I would say NO. Wind can rip the cover and the constant movement against the trailer can rub spots into the finish.

A good wax job is all you need on the finish to keep it protected.


----------



## h2oman (Nov 17, 2005)

Here in SoCal the sun and dry weather are brutal. So, I cover. Since there are covers made for all types of areas they can't be bad. They certainly cannot hurt or the companies that make them would go broke. So, I believe I have conclusively not answered your question. Think nothing of it.


----------



## battalionchief3 (Jun 27, 2006)

I figure to wash and wax then cover. Leaves around here will stain the roof and UV light breaks down everything. I would rather the cover break down over time, not my camper. If I had a few rub marks I feel this would be ok verses stains from leaves or the premature breakdown of the sealent.


----------



## CamperDC (Oct 30, 2003)

This has been a debate here since I joined back in 2003. Not sure there is a correct answer for this one. I had considered one for several years but for one reason or another I did not make the leap. This year however, one of my good friends sold their TT and their cover fit my OB so they sold me the cover for real cheap. This winter will be the first winter my OB will have a cover. So in the spring I will know for sure. From what I have seen over the years, most everyone who has made the purchase has been happy with it. There are a few that have reported damage due to wind so, if you store your unit somewhere other then your home, you need to make plans to visit it on occasion to keep tabs on the cover. I keep my OB at home so if the cover has an issue I will be able to react real quick so the OB does not get damaged.

Good Luck


----------



## Thor (Apr 7, 2004)

I am on the do not cover side. I do cover my tires.

Thor


----------



## cookie9933 (Feb 26, 2005)

Next year when this topic comes up again, we will have some feedback concerning abrasion damage or not.
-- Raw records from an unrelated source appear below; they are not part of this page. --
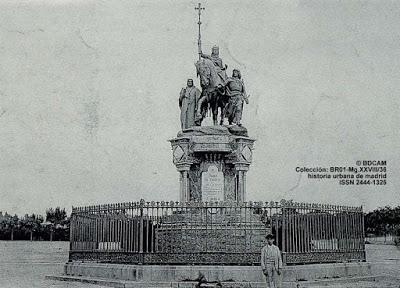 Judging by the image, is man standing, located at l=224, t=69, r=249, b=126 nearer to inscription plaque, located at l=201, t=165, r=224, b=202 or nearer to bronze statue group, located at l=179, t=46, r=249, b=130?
bronze statue group, located at l=179, t=46, r=249, b=130

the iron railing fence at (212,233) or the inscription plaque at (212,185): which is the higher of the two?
the inscription plaque at (212,185)

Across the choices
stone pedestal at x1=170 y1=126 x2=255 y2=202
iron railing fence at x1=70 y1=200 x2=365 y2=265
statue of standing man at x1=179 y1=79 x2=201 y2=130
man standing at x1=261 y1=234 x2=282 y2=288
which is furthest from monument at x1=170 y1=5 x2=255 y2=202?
man standing at x1=261 y1=234 x2=282 y2=288

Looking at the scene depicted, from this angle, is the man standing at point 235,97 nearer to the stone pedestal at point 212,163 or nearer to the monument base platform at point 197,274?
the stone pedestal at point 212,163

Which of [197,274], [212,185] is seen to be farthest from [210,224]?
[212,185]

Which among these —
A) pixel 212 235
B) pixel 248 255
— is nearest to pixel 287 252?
pixel 248 255

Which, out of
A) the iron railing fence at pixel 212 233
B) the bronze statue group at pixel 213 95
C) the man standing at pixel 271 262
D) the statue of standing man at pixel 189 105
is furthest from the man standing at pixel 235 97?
the man standing at pixel 271 262

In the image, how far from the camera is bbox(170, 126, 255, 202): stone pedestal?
75.8 ft

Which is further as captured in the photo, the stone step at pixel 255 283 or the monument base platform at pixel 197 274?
the monument base platform at pixel 197 274

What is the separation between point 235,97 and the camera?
78.5 feet

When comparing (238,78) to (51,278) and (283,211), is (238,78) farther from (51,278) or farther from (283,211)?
(51,278)

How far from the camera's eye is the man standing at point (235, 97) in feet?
78.4

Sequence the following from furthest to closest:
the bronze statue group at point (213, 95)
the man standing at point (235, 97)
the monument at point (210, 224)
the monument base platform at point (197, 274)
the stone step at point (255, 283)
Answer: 1. the man standing at point (235, 97)
2. the bronze statue group at point (213, 95)
3. the monument at point (210, 224)
4. the monument base platform at point (197, 274)
5. the stone step at point (255, 283)

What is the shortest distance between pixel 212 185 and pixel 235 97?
3651 millimetres

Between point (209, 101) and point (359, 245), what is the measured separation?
8.02 meters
We have a ADCO cover being shipped from Camping World. By next week, the Outback will be undercover.

Bill


----------



## H2oSprayer (Aug 5, 2006)

I had that same question when we purchased our OB a few years back. I decided to cover. I wish I wouldn't have. Although the cover provided several places along the bottom to secure it as well as the ability to cinch the front and rear tight, I was unable to get it just right. After uncovering the OB in the spring, I found that where the cover makes the corner of the OB there was a white trim piece that had the paint rubbed off. I have since found out that our local fairgrounds offers indoor storage in a clean, newer building with cement floors for $300 per season. In my opinion, you can't beat that. I know $300 is probably about how much you would spend for a cover that would last for several years. But, that's cheap compared to having to repair water damage from the snow piling up on the roof. 
Long story short: Look for other options that may be available to you.


----------